Sample charges: 1) That in acquiring theatre chains the major producers avoided competing in the same territories and since their output is enough to keep all theatres comfortably full, they can and do exchange pictures and actors freely, meanwhile deny such privileges to independents except upon hard terms. 2) That they insist on block-booking, full-line forcing, high rentals. 3) That as a result, independents are being driven out of business, new competitors are effectively forestalled; independent theatres cannot exercise free choice of films; independent producers find it virtually impossible to market their films; new capital investment is discouraged; theatre patrons in any given community must take whatever films are handed to them; “there is no opportunity for new forms of artistic expression which are not approved by those in control of the major companies. . . .”

Therefore, concluded the Department of Justice, the best thing to do was to force separation of production and distribution from exhibition.
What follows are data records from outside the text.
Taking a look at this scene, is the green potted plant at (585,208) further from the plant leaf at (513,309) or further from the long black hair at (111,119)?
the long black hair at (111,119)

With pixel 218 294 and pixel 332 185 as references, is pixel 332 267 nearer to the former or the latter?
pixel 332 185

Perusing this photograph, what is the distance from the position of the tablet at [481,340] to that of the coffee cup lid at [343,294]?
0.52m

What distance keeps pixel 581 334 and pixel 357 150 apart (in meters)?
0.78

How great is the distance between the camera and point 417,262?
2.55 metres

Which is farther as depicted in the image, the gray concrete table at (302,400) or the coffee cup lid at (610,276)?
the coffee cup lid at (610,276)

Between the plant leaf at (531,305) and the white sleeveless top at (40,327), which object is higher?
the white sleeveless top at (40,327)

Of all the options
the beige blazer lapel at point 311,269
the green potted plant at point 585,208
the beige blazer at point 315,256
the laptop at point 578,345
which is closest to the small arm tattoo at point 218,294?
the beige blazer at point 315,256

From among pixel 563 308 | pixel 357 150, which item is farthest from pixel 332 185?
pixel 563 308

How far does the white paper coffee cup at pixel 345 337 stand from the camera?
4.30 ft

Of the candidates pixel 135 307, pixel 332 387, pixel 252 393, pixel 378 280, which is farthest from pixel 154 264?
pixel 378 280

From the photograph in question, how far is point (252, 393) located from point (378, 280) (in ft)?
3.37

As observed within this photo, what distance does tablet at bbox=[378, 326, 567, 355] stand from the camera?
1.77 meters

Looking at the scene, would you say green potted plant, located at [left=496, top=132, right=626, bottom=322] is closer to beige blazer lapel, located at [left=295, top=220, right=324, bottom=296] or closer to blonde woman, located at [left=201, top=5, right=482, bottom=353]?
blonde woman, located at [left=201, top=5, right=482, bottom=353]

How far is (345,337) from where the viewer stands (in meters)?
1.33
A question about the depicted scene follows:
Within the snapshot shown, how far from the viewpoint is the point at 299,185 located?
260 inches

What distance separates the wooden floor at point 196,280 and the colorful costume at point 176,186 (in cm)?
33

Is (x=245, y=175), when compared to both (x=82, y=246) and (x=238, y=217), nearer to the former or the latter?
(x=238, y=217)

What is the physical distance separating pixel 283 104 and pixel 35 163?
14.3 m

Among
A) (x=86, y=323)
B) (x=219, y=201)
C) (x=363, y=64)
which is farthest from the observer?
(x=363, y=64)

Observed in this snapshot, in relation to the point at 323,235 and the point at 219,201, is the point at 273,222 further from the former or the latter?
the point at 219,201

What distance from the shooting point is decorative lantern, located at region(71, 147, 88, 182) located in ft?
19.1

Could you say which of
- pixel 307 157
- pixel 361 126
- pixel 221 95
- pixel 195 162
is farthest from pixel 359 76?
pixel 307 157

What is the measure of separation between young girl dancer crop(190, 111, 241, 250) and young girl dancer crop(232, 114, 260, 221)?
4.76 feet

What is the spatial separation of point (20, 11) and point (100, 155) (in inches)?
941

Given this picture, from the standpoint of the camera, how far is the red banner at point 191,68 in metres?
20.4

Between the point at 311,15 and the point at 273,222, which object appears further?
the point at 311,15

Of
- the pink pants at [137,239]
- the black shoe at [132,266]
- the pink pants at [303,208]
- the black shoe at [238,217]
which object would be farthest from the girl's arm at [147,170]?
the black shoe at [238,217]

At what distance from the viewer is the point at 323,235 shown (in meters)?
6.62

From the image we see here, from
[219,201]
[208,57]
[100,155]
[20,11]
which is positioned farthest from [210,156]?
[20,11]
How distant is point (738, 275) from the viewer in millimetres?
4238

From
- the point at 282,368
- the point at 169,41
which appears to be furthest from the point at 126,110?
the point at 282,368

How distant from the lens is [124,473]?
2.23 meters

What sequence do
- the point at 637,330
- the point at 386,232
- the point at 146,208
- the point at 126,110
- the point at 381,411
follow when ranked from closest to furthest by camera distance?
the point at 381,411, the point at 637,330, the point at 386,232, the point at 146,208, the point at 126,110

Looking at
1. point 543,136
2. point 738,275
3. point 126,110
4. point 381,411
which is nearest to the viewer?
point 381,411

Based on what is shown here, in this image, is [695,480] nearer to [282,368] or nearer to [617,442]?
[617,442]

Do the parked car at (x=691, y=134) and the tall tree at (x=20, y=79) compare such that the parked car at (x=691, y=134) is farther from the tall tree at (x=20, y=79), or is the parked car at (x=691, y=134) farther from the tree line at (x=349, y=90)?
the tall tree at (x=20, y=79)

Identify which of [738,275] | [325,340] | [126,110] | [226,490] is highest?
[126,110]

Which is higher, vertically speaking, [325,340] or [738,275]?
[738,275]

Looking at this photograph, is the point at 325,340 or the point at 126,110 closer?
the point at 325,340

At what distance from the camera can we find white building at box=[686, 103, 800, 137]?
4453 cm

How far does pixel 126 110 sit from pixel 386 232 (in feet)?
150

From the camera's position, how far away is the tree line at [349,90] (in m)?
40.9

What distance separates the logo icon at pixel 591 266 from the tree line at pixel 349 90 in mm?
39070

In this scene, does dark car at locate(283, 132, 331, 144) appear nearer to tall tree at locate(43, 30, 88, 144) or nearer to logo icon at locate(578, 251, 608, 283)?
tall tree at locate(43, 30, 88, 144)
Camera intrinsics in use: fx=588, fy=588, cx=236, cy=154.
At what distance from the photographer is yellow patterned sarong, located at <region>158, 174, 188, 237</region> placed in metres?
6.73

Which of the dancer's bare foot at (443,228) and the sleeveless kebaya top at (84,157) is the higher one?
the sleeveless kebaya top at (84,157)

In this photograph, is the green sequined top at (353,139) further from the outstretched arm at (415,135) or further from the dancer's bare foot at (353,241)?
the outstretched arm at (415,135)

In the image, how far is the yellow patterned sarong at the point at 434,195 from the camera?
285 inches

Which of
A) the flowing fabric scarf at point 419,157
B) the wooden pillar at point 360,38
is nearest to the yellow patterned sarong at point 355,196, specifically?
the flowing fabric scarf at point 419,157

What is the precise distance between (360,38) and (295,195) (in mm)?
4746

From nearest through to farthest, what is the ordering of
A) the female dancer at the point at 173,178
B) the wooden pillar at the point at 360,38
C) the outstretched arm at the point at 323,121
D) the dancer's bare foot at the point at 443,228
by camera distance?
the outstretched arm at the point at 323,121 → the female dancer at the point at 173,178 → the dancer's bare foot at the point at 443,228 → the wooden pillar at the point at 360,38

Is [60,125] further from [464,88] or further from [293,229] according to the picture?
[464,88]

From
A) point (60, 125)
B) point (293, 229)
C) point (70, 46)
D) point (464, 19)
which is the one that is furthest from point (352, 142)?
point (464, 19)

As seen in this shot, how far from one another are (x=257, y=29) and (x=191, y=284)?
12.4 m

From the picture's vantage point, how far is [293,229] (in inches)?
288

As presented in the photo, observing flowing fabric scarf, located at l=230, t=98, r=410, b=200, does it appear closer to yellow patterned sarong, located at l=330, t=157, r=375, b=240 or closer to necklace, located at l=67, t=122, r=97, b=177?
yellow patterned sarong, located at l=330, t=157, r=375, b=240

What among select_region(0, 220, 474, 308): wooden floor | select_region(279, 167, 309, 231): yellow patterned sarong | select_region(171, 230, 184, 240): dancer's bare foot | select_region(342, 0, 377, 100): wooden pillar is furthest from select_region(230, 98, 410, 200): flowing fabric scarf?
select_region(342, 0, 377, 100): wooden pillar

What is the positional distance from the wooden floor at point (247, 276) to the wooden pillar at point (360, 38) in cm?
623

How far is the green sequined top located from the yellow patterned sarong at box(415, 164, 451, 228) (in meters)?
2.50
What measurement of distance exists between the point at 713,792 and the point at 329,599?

As he promised when he took office in March, Assistant Attorney General Thurman Arnold carefully explained his aims. Excerpt: “It is the belief of the Department of Justice that certain rearrangements must be made in the moving-picture industry in order to maintain competitive conditions in the future. Those rearrangements require a more constructive effort than mere prosecution for past practices. . . . Under this policy a lawsuit should be considered as the beginning of co-operation between the courts, the legislature, the Department of Justice and the industry to achieve a common end. . . .”

Taking this at its face value, thin-lipped Cinema Tsar Will Hays replied: “Motion-picture producers, wholesale distributors and leading exhibitors of the nation will generally welcome the prospect of a comprehensive, fair and conclusive endeavor to clarify the application of existing laws to the trade customs inherent in the development of the motion-picture industry. . . .”
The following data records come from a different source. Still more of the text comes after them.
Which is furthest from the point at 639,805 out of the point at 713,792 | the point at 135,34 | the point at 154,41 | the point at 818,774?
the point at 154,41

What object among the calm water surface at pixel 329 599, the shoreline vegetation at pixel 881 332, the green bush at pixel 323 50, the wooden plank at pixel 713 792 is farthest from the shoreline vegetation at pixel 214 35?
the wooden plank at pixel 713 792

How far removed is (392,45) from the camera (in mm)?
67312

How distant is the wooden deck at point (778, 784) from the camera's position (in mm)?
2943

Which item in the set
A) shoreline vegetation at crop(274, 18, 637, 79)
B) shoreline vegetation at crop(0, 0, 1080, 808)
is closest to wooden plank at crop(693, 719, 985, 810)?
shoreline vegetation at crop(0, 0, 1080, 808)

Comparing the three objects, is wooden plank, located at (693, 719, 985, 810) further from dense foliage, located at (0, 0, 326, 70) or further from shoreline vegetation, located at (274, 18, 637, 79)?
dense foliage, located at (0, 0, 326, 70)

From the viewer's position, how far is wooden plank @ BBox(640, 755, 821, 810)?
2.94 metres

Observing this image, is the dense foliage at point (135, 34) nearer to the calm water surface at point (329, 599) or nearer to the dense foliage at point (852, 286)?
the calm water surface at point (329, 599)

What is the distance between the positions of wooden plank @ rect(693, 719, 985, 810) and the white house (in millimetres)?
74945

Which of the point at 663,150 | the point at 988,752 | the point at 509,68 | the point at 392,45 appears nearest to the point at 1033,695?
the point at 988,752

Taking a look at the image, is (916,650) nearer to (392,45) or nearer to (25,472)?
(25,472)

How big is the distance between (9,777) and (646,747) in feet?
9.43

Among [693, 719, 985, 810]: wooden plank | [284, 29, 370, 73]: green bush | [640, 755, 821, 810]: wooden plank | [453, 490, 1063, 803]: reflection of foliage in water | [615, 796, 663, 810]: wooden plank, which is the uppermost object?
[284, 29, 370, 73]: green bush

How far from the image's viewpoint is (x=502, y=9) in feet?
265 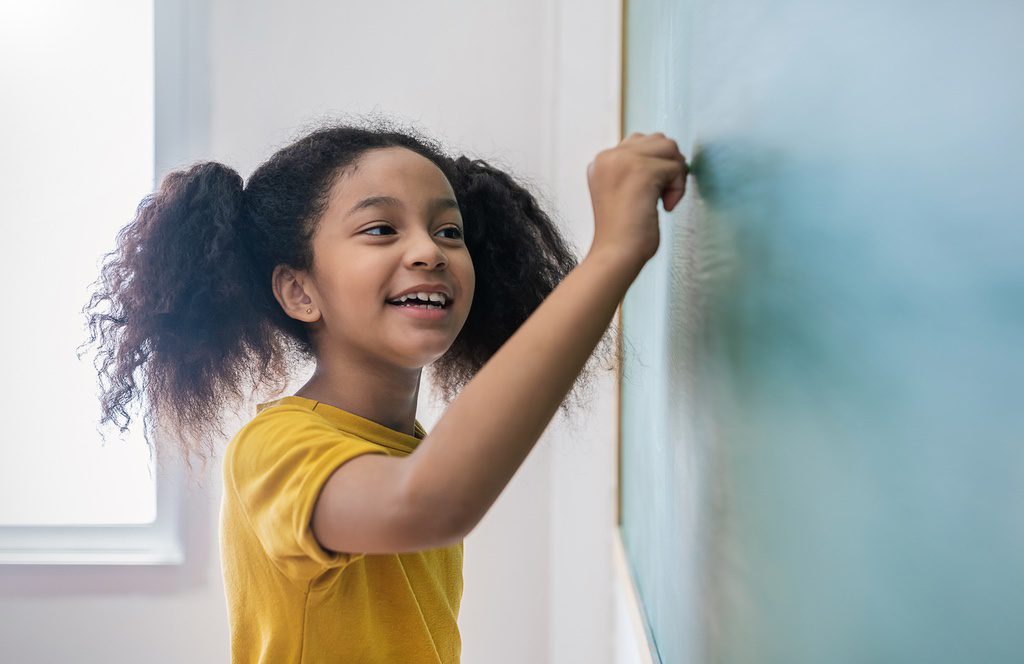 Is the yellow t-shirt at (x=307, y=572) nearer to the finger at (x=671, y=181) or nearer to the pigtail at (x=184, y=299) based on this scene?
the pigtail at (x=184, y=299)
Last week the U. S. Government also did the following for and to U. S. Business:

¶Began applying the “death sentence” to the utility industry.

¶Considered taxing future issues of State and Federal bonds, heretofore taxexempt. Sent to the Treasury by the Department of Justice was a five-volume report offering the opinion that such taxation would probably be upheld by the Supreme Court “under the present trend” but should not be made retroactive. Opposition meanwhile gathered quietly in a group of men representing 17 States and called the Conference on State Defense. It was said to fear that the New Deal, having taxed everything from U. S. bonds to U. S. credulity, might next try taxing the States themselves.

¶Fined 17 of the 46 defendants found guilty of conspiracy to fix gasoline prices in the Madison oil trials last January. Federal Judge Patrick Stone fined twelve companies and five individuals an aggregate of $65,000, let ten individuals and one company go scot-free, offered a new trial for 15 individuals and three companies. Those fined immediately appealed.

¶Took first step under the Natural Gas Act of 1938 to lower gas rates. The Federal Power Commission gave Hope Natural Gas Co. of West Virginia 30 days to answer complaints that it was charging too much for gas in Cleveland.

*The eight: Paramount Pictures, Inc.; Loew’s, Inc.; Irving Trust Co. as trustee in bankruptcy for Radio-Keith-Orpheum Corp.; Warner Bros. Pictures, Inc.; Twentieth Century-Fox Film Corp.; Columbia Pictures Corp.; Universal Corp.; United Artists Corp.